One of my poems has been published in the third-quarter 2011 Star*Line: Journal of the Science Fiction Poetry Association. It’s “Outward Voyage,” another of my snapshot poems; this one is a brief moment of awareness, “lostness,” on the first generation ship to flee the devastation of Terra. In my mind, it pairs with “Endings,” which was published in the July/August 2009 issue of Star*Line.
“Outward Voyage”
by Elizabeth W. Bennefeld
Is he downstairs, again,
fallen asleep in his chair?
Or did we bury him years ago
under Terra’s summer sun,
and I’ve forgotten once more
during the long, cold night?
I’ve actually been dreaming about this “world” for many decades, but from a different perspective: growing up in weightlessness, out in space, and then living in an improvised shelter on a stairway landing, the stairs and walkways clinging for the most part to the sides of a gigantic sphere whose lights switch on a regular cycle from full daylight to soft, dim lighting and back.
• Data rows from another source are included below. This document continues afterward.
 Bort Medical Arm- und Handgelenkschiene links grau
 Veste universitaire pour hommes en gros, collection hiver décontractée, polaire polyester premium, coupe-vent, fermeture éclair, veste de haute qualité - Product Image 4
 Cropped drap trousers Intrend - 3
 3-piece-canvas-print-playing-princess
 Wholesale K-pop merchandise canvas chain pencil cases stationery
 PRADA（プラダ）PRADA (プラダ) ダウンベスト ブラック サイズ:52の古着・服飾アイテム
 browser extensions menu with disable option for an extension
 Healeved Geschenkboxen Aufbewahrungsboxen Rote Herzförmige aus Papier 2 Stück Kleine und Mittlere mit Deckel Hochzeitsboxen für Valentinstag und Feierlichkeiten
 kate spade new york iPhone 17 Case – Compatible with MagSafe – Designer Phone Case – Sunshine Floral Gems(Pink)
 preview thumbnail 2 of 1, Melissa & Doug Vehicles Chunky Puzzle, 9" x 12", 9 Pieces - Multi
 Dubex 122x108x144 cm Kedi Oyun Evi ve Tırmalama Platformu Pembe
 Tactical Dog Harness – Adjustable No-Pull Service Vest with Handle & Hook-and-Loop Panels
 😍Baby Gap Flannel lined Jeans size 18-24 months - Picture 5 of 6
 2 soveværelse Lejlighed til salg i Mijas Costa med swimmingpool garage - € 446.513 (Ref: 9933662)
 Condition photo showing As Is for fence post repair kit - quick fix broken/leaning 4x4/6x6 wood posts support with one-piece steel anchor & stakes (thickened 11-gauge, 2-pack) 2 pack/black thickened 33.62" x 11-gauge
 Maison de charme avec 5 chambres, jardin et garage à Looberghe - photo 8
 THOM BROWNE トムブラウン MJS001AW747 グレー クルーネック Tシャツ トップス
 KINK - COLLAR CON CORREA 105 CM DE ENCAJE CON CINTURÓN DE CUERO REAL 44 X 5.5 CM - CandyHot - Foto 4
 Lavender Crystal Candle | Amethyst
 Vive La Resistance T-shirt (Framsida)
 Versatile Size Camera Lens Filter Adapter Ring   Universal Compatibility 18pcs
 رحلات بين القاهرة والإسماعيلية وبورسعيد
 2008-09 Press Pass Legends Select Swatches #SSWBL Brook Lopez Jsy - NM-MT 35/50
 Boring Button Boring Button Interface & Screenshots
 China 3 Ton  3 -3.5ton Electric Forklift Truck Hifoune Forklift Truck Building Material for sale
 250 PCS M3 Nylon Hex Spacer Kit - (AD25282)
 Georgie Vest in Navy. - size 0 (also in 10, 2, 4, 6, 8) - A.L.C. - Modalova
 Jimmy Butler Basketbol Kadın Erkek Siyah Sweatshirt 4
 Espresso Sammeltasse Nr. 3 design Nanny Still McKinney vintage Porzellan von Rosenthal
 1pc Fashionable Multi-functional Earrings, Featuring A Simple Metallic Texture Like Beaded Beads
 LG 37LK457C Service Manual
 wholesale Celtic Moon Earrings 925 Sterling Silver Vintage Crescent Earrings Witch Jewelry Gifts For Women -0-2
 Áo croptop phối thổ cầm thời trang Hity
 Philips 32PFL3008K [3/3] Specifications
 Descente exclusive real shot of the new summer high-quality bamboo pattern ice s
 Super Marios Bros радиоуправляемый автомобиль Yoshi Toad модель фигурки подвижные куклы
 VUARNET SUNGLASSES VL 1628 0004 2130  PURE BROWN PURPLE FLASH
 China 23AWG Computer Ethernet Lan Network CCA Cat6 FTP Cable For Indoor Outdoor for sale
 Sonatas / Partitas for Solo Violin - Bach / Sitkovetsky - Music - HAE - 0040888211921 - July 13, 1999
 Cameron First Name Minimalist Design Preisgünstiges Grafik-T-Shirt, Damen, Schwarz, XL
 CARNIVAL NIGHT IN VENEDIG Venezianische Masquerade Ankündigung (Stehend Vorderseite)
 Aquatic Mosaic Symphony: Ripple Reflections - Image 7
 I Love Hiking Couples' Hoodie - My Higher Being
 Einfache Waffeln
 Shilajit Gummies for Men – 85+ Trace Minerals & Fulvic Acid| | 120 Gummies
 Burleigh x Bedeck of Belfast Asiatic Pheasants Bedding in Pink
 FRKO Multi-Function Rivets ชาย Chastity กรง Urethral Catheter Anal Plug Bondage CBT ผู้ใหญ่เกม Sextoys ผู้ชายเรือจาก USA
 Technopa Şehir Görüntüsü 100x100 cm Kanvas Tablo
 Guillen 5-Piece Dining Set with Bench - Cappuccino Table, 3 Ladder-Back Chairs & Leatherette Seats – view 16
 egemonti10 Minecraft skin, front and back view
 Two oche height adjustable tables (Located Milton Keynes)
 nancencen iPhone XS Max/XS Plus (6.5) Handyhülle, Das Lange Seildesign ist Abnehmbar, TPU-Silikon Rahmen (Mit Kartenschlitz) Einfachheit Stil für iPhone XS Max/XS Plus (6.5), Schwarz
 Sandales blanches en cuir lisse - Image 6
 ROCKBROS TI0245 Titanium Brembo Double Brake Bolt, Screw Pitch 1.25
Within the past 10 year, I believe, I read a book that described a similar environment, although it was just part of a permanent settlement; I do not recall the name of the book or of the boy who ended up there by mistake. (I’m thinking that perhaps the author’s first name was Robert and that perhaps he wrote a number of YA SF books.) It is startling when I see a place that I’ve been in, described by an author in a book I’m reading for the first time. As though the places of my dreams do have an independent existence.